# Factor analysis of mixed data (FAMD)

In [3]:
import pandas as pd
pd.options.plotting.backend = "plotly"
pd.set_option('display.max_columns', None)

import numpy as np

X_train = pd.read_csv('../data/train_values.csv', index_col='building_id')
y_train = pd.read_csv('../data/train_labels.csv', index_col='building_id')

X_test = pd.read_csv('../data/test_values.csv', index_col='building_id')


X_train[['geo_level_1_id','geo_level_2_id','geo_level_3_id']] = X_train[['geo_level_1_id','geo_level_2_id','geo_level_3_id']].astype(str)
X_test[['geo_level_1_id','geo_level_2_id','geo_level_3_id']] = X_test[['geo_level_1_id','geo_level_2_id','geo_level_3_id']].astype(str)

X_train[['count_floors_pre_eq','age','area_percentage','height_percentage']] = X_train[['count_floors_pre_eq','age','area_percentage','height_percentage']].astype(float)

X_train['volume_percentage']=X_train['area_percentage'] * X_train['height_percentage']
X_test['volume_percentage']=X_test['area_percentage'] * X_test['height_percentage']

# Categorical columns 
categorical_columns = [c for c in X_train.select_dtypes(include=['object'])]
numerical_columns= list(set(X_train.columns) - set(categorical_columns))

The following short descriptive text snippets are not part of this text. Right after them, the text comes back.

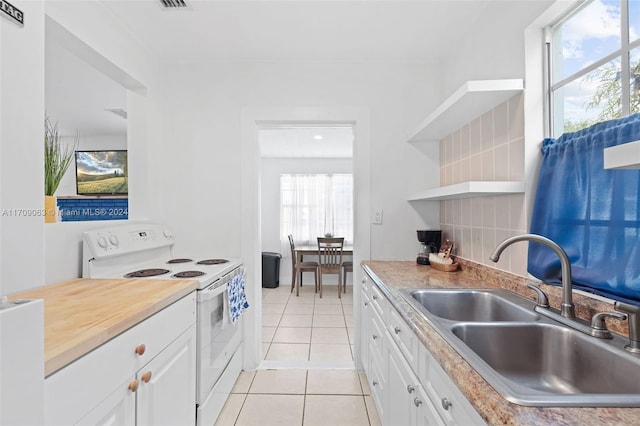 kitchen featuring electric range, white cabinetry, sink, and a wealth of natural light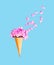 Ice cream cone with petals flowers over blue background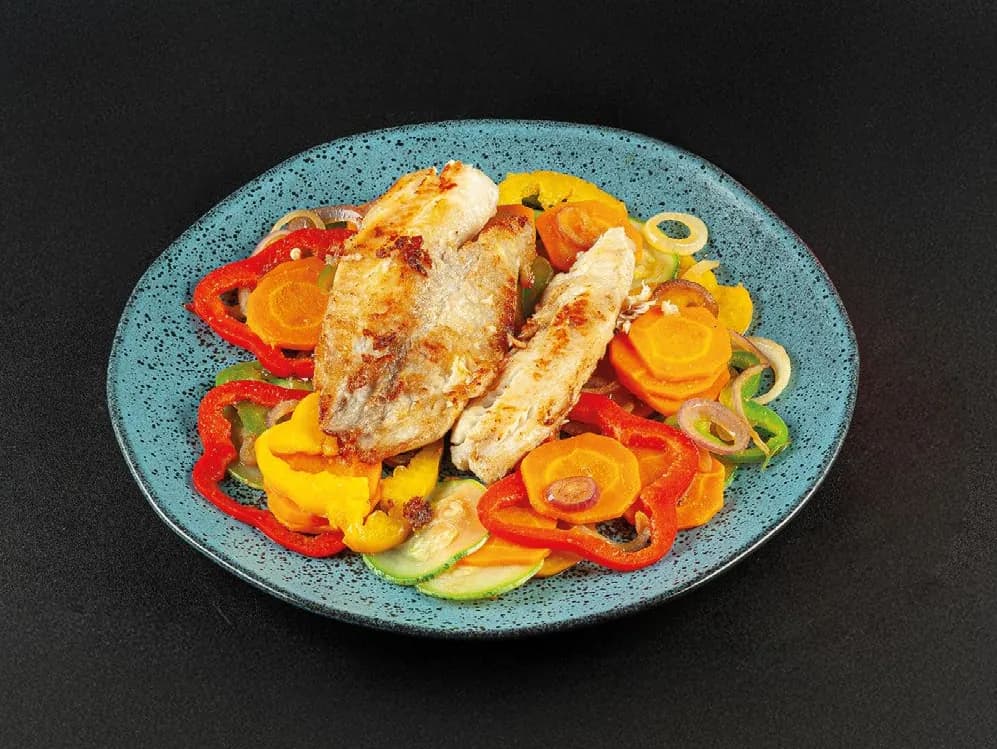 Peixe branco grelhado com legumes coloridos em prato azul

### Sample subset (1000) from each target class

In [4]:
from sklearn.utils import resample

def sub_sample(X, y, num_):
    data = pd.concat([X, y], axis=1)

    # Separate classes
    damage_3 = data[data['damage_grade']==3]
    damage_2 = data[data['damage_grade']==2]
    damage_1  = data[data['damage_grade']==1]
 
    damage_1_sample = resample(damage_1, 
                               replace=False,
                               n_samples=num_)
    
    damage_2_sample = resample(damage_2, 
                               replace=False,
                               n_samples=num_)    

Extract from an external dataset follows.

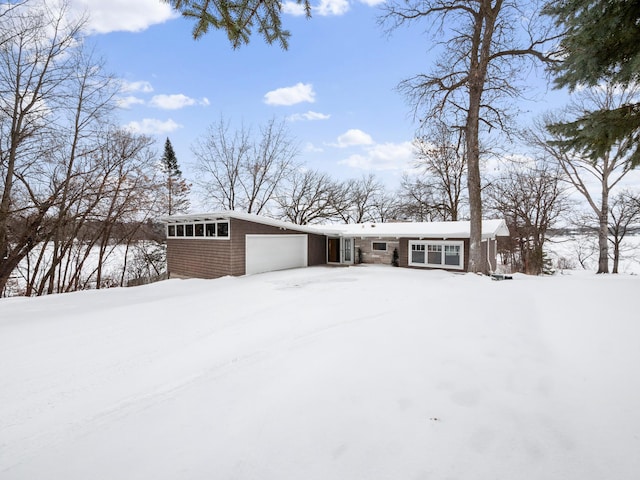 view of front of property featuring an attached garage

    damage_3_sample = resample(damage_3, 
                               replace=False,
                               n_samples=num_)

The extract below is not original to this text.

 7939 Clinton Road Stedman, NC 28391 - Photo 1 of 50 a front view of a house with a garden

    # Combine majority class with upsampled minority classes
    data_upsampled = pd.concat([damage_1_sample, damage_2_sample, damage_3_sample])

    y_sampled = data_upsampled[['damage_grade']]
    X_sampled = data_upsampled.drop(['damage_grade'], axis=1)

    return (X_sampled, y_sampled)

X_train_sub, y_train_sub = sub_sample(X=X_train,y=y_train,num_=1000)

## Fit and plot data into FAMD subspace

In [5]:
import prince

famd = prince.FAMD( n_components=2, n_iter=3, copy=True,
                   check_input=True, random_state=42, engine="sklearn")

famd = famd.fit(X_train_sub)

  X = self.scaler_.transform(X.to_numpy())


In [6]:
import plotly.express as px

X_train_2d = famd.row_coordinates(X_train_sub)
X_train_2d.columns = ["C1","C2"]
X_train_2d = pd.concat([X_train_2d, y_train_sub], axis=1) 

px.scatter(X_train_2d, x='C1', y='C2', color='damage_grade',
           width=800,height=500, title="Factor analysis of mixed data").show()

  X = self.scaler_.transform(X.to_numpy())